Whether you are ill or not having a support system in place is something everybody needs. Everyone deals with varying difficulties in life, and whilst experiencing these a support network helps keep life ticking over and enabling you to feel like you can cope. Often during difficult times, it becomes very tempting, and easy, to simply shut yourself away from family and friends. I know personally that I would much rather deal with a problem by myself, this is simply because by talking to others the issue feels more real and daunting. However, acknowledging it and making plans to resolve it with people you trust is a key to moving forwards.
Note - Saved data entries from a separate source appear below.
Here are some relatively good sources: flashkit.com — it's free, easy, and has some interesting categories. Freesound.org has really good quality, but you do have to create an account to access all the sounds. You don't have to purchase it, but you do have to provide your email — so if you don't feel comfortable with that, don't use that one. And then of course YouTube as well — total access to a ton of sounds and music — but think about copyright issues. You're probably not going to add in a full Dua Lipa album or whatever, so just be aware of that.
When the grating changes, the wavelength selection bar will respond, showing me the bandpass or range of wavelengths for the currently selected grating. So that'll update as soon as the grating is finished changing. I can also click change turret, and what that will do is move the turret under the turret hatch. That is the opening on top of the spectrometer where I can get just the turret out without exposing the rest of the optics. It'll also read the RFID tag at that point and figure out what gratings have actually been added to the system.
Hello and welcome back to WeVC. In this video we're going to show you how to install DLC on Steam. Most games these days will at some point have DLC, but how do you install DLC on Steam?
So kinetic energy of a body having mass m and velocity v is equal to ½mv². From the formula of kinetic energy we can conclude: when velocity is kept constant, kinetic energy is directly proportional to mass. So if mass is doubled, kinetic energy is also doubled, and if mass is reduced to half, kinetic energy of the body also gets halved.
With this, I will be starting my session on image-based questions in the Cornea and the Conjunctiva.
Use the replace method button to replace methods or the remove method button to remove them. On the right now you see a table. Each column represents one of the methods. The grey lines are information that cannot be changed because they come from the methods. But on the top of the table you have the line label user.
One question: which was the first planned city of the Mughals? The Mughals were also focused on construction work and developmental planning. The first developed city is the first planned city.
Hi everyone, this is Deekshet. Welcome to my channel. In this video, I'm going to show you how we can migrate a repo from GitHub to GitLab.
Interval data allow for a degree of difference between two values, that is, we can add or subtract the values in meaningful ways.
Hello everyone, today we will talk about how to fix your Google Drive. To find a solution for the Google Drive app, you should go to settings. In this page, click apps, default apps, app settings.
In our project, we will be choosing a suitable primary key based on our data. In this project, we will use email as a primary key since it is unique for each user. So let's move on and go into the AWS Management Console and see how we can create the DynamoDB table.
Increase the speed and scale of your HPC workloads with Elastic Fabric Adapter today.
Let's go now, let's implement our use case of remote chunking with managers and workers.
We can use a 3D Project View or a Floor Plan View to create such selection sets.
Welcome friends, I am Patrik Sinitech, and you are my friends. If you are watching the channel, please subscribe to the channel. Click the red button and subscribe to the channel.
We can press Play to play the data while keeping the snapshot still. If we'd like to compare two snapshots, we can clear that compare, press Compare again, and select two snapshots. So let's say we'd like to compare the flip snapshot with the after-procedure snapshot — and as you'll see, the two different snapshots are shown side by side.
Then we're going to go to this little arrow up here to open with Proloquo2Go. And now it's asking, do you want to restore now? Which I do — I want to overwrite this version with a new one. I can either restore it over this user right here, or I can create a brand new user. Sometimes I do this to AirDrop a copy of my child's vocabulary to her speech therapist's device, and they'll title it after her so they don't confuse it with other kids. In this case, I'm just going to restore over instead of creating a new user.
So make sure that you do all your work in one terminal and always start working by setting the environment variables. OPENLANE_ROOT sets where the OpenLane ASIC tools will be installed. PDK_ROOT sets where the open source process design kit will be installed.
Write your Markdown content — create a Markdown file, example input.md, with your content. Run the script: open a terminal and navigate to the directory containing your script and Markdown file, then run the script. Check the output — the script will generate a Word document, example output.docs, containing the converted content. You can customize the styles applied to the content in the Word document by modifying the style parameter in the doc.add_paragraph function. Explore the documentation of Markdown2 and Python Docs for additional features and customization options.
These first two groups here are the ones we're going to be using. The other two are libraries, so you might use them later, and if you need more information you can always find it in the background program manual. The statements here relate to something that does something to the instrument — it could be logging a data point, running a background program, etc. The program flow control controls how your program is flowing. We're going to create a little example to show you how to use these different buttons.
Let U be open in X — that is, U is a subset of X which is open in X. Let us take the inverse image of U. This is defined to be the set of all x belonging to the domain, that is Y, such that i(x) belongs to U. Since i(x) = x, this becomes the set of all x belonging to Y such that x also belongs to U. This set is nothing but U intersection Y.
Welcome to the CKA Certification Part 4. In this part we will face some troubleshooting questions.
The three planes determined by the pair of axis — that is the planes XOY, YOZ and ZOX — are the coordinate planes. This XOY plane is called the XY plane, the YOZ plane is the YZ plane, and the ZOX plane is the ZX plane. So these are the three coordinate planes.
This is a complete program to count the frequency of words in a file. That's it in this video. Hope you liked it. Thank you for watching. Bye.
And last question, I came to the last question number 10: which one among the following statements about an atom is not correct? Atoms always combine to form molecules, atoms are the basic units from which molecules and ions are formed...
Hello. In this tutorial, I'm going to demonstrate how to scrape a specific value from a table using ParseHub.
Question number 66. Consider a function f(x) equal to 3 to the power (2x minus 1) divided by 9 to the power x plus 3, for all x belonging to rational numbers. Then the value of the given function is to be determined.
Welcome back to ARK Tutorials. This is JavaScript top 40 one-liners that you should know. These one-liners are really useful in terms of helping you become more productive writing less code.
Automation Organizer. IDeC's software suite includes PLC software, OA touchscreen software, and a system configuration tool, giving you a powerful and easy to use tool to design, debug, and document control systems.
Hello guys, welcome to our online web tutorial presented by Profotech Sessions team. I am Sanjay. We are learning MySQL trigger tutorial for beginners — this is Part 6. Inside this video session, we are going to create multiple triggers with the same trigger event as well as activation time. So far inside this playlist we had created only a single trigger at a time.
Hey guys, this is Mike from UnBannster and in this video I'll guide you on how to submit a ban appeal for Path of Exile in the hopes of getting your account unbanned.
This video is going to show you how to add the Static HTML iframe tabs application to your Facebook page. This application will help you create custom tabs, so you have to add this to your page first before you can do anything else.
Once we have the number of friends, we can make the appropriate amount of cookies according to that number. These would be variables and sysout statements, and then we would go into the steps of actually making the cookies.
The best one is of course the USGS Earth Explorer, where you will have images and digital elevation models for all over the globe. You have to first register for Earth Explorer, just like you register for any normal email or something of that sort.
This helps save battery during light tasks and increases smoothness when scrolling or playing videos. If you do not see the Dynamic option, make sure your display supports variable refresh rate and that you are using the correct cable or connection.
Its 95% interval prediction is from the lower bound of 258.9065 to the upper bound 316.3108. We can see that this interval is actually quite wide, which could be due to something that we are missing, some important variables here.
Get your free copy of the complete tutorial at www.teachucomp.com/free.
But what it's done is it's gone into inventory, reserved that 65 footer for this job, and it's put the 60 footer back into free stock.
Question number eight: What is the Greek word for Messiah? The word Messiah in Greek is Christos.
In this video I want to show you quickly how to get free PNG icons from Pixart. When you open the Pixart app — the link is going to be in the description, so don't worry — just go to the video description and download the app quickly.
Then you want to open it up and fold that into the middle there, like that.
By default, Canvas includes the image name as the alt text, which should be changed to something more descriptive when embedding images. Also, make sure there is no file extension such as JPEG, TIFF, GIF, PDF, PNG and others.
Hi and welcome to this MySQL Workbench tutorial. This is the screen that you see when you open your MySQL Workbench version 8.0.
When I was first diagnosed with Generalised Dystonia in 2012 I shut myself away from most of my friends; even a trip to Tesco was difficult as I did not want others to see what had become of me and judge me. Reflecting back on this now, I know that this was more a fear of seeing others react to my spasms and having to admit that I really was having to deal with this. A huge chunk of me wanted to pretend it was simply an unpleasant dream. Despite knowing that talking amongst trusted individuals is helpful, I still fall back into bad habits whenever life goes slightly askew.
This past week I have been coming to terms and dealing with some difficult situations outside of Dystonia. Admitting that they happened and needed dealt with was a hugely difficult step, but a necessary one. My botox is a week late this time round, I am receiving it this coming Wednesday, so dealing with a combination of life being more flawed than usual and my spasms progressively increasing in severity, has been more than I felt I could cope with. This is where a support network is vital. Family and friends can help give an outside perspective on how to manage life events, and advise what steps to take. This is an invaluable tool! Sometimes though, you need more than just the loving circle of individuals. Realising this is key. I have just started talking to a councillor. This is something I had hoped I would never have to do again, but it’s been necessary and I know is helpful.
Living life with Dystonia is never going to be easy. I greatly admire every individual who does so. Realising when you need support is not a sign of weakness but of great strength. So please remember to talk to those around you. This condition drives us all barmy, sometimes we need grounding.